Member of the Maryland House of Delegates from the 33rd district
- In office 1994 – January 8, 2003
- Preceded by: John G. Gary Elizabeth S. Smith
- Succeeded by: Robert A. Costa

Personal details
- Born: November 13, 1934 (age 91) Annapolis, Maryland, U.S.
- Died: January 10, 2016
- Party: Republican

= Robert C. Baldwin =

American politician

Robert C. Baldwin (November 13, 1934 – January 10, 2016) was an American politician, who served as a member of the Maryland House of Delegates from 1994 until 2002, when he chose not to run for reelection. He died on January 10, 2016, aged 81.

==Background==

Baldwin was first elected to the Maryland House of Delegates in 1994 when he won a seat left open by John G. Gary, who was elected as County Executive for Anne Arundel County, and Elizabeth S. Smith. Baldwin's district was a portion of Anne Arundel County, Maryland. In 1998, Baldwin was reelected, along with fellow Republicans David Boschert and Janet Greenip. Baldwin did not run for reelection in 2002.

Baldwin attended St. Mary's High School, Annapolis. After high school, he attended Loyola College of Baltimore, graduating in 1956 with a B.S. in business administration, graduating as a distinguished military student.

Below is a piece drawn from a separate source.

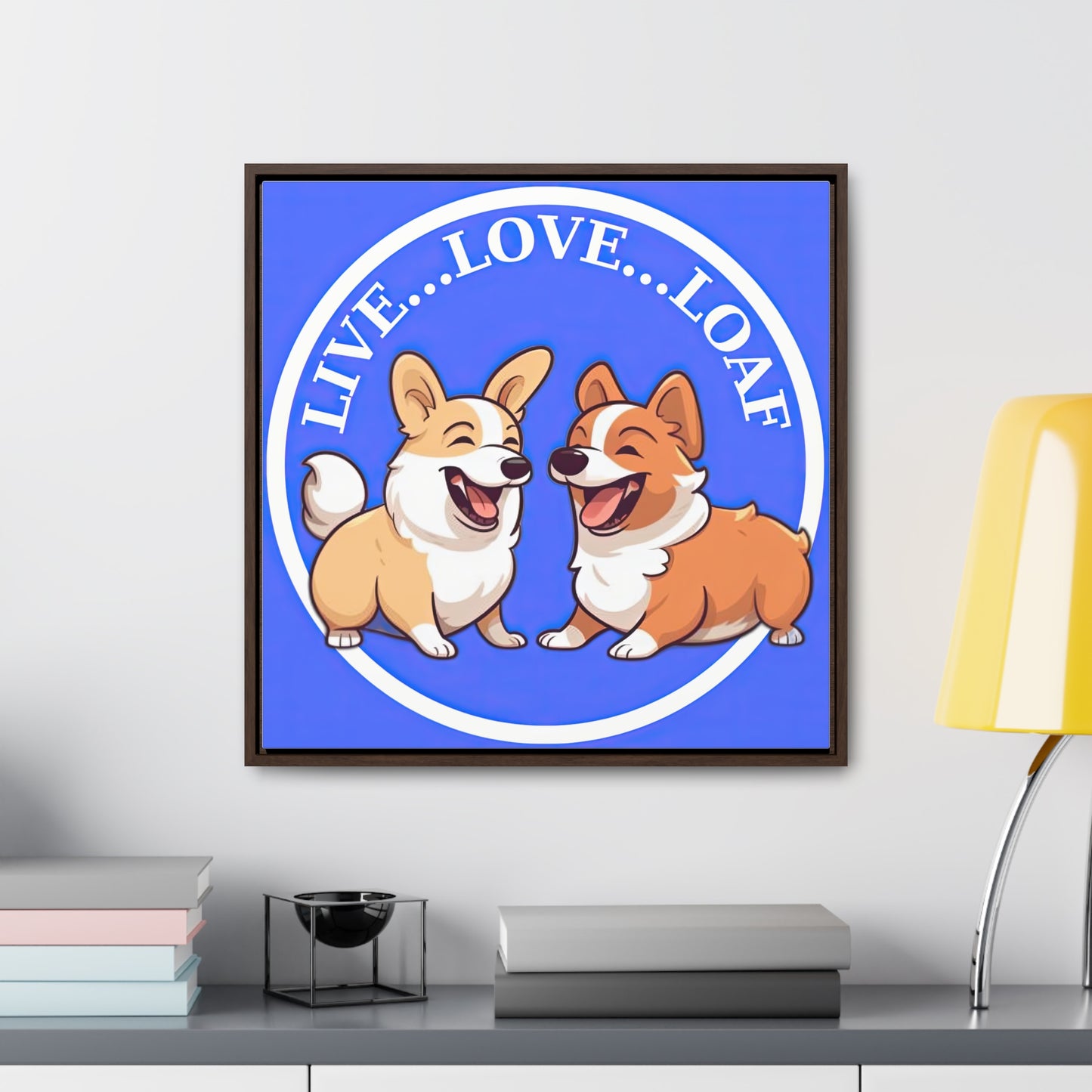 Live...Love...Loaf - Framed on Canvas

After college, Baldwin served in the United States Army, reaching the rank of Infantry Captain. Until he was elected to office, Baldwin served in private business. Baldwin was active in his community, first serving as a member of the Federal Small Business Advisory Board, Region III, from 1982 to 1984. Later he was a member of the Council on Management and Productivity, serving from 1999 until 2002. Baldwin served on the Board of Directors of Anne Arundel Community College Foundation from 1992 until 1998.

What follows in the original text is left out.